We shouldn’t be surprised, then, that the Chatty Cathy media, with a few exceptions, would be eager to carry propaganda water for the Chinese in the current crisis. Or side with the genocidal regime in Iran by decrying Trump’s withdrawal from the appeasing nuclear deal, and a few months ago aping the mullahs’ line that killing Qassem Soleimani, the terrorist killer of Americans, was some kind of war crime. Such opinions on the left are as banal as the phrases uttered by Chatty Cathy.
But that doesn’t mean they’re not dangerous. Chait’s claim that holding China responsible for the outbreak serves America’s endemic xenophobia is not just contrary to the facts. This outbreak could’ve been mitigated early on if the totalitarian regime had not lied and tried to cover it up. The larger point of exposing China’s culpability for the outbreak is to remind us that it is a bad international actor and America’s most dangerous rival, one that exploits and games the globalist organizations like the World Trading Organization, whose rules China serially violates.

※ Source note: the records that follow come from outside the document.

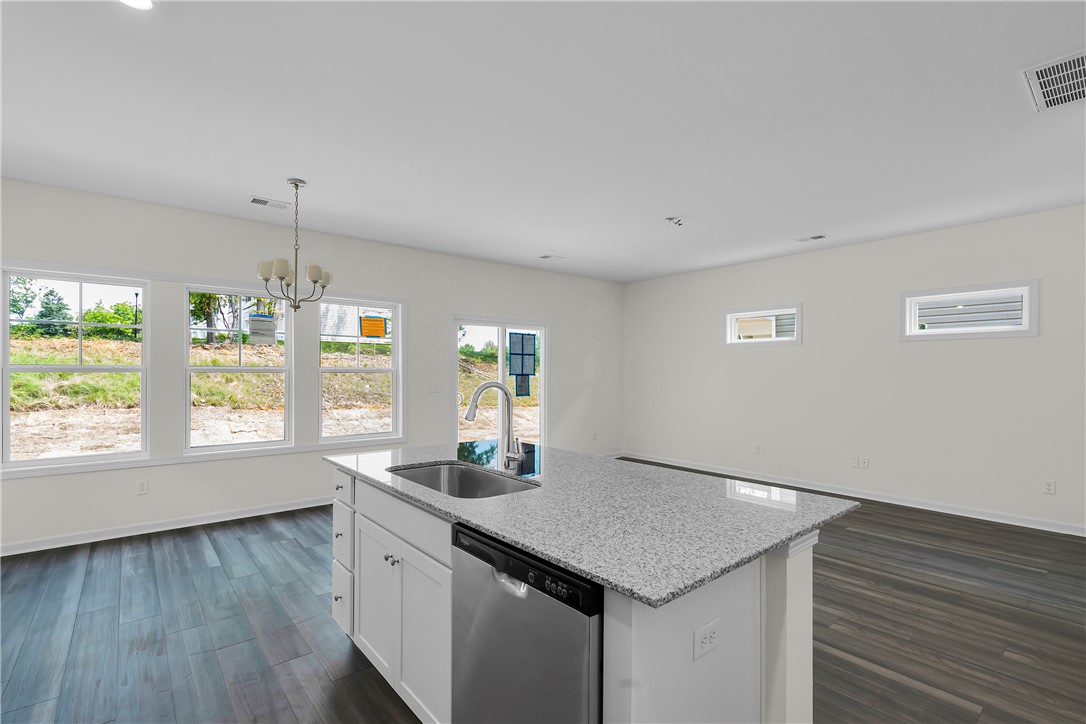 204 Brown Circle Easley, SC 29642 - Photo 9 of 18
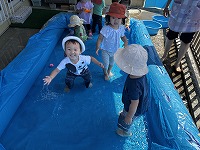 プールで遊ぶ子どもたち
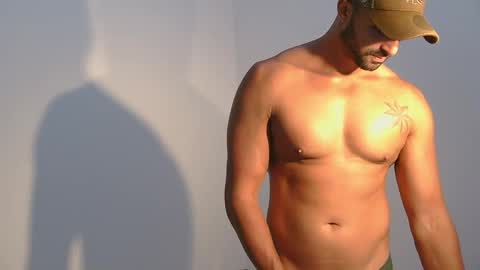 Snapshot of mike4fun99 chatting on 05-21-26, 02:40 mike online show from 05-21-26, 02:40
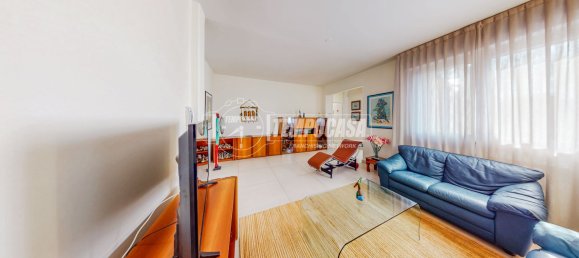 3 Schlafzimmer Wohnung in Modena, Italy, Nr. 365768 16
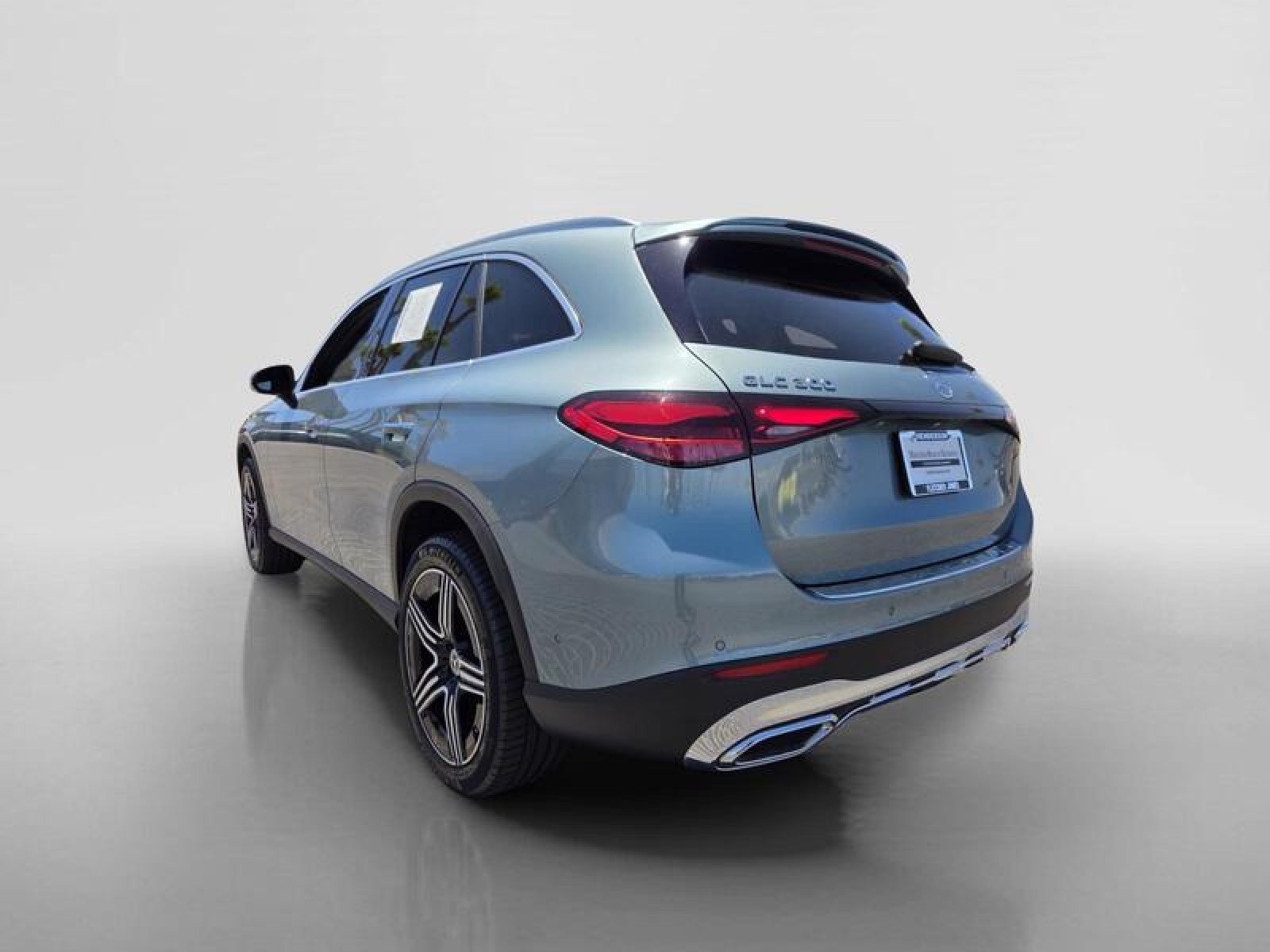 Certified 2026 Mercedes-Benz GLC 300 image 3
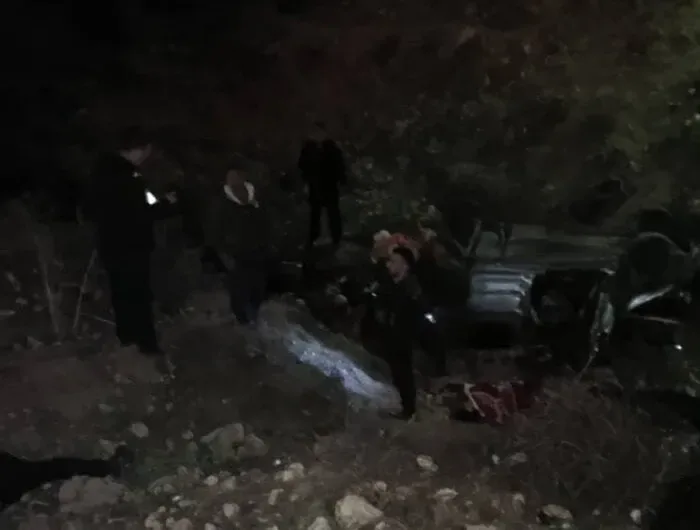 سقوط خودرو در جاده کجور ۶ کشته بر جای گذاشت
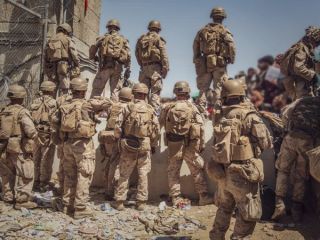 جو بایدن در مورد احتمال حمله قریب‌الوقوع دیگری به فرودگاه کابل هشدار داد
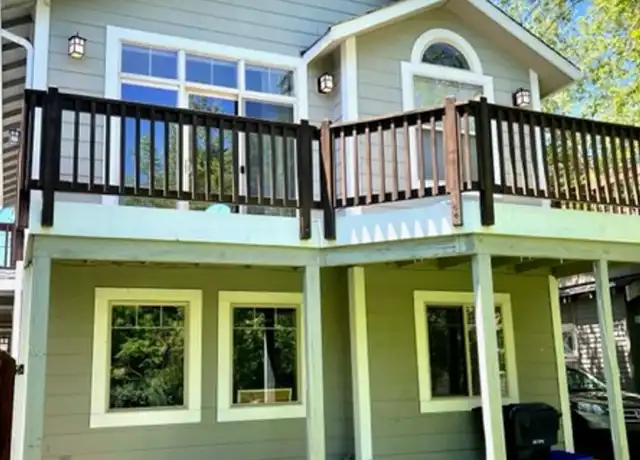 Property at 1429 NW Awbrey Rd Unit 3, Bend, OR, 97703, 1 bed, 1 bath, [object Object]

Thus Chait’s claim that calling China out and “the right’s China obsession . . . lacks any policy implications” is wrong. The crisis and China’s role in worsening it starkly reminds us of how feckless the U.S. “rule-based international order” apostles have been in letting China join the WTO, and then ignoring China’s violations of its rules. Even worse, we have allowed so much of our manufacturing, especially of critical products like pharmaceuticals, be controlled by the communist regime that seeks to supplant us. Lured by cheap labor and a massive base of possible consumers, too many American businesses have allowed critical expertise and technologies to be plundered by China.

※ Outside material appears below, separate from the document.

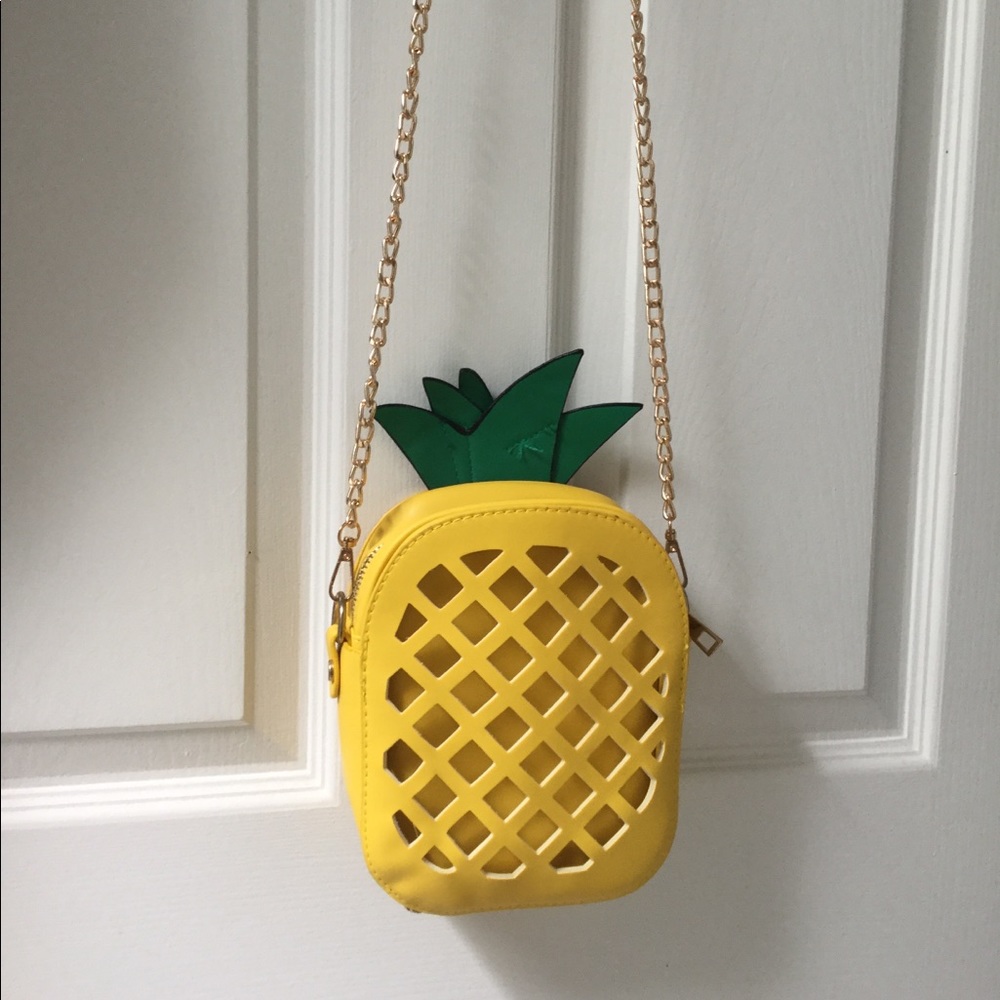 PINEAPPLE PURSE - cute pineapple purse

The result is China now has its fingers around our nation’s throat, and just last week China’s state-run media agency threatened to give it a squeeze:
“If China retaliates against the United States at this time, in addition to announcing a travel ban on the United States, it will also announce strategic control over medical products and ban exports to the United States. Then the United States will be caught in the ocean of new coronaviruses,” the article said. “Also according to the US CDC officials, most of the drugs in the United States are imported . . . If China banned exports, the United States will fall into the hell of a new coronavirus pneumonia epidemic.”
There are plenty of “policy implications,” then, of confronting China. As the president has already made clear, correcting the unfair trade practices and theft of our intellectual property is one. The coronavirus should make us focus on another: the manufacturing of critical pharmaceuticals and other health-care products like protective masks must be brought back to the U.S., or at least restricted to countries that are open and free and play by the rules.
We need to call out the progressive Chatty Cathys’ long history of disdain for America and its condemnations of phantom “racism” and “xenophobia,” especially when it serves an aggressive rival. The coronavirus crisis will eventually pass, but the dangers that an expansive, ruthless communist regime poses to our security and interests will only intensify unless we correct the short-sighted policies that have empowered and enriched our most dangerous geopolitical rival.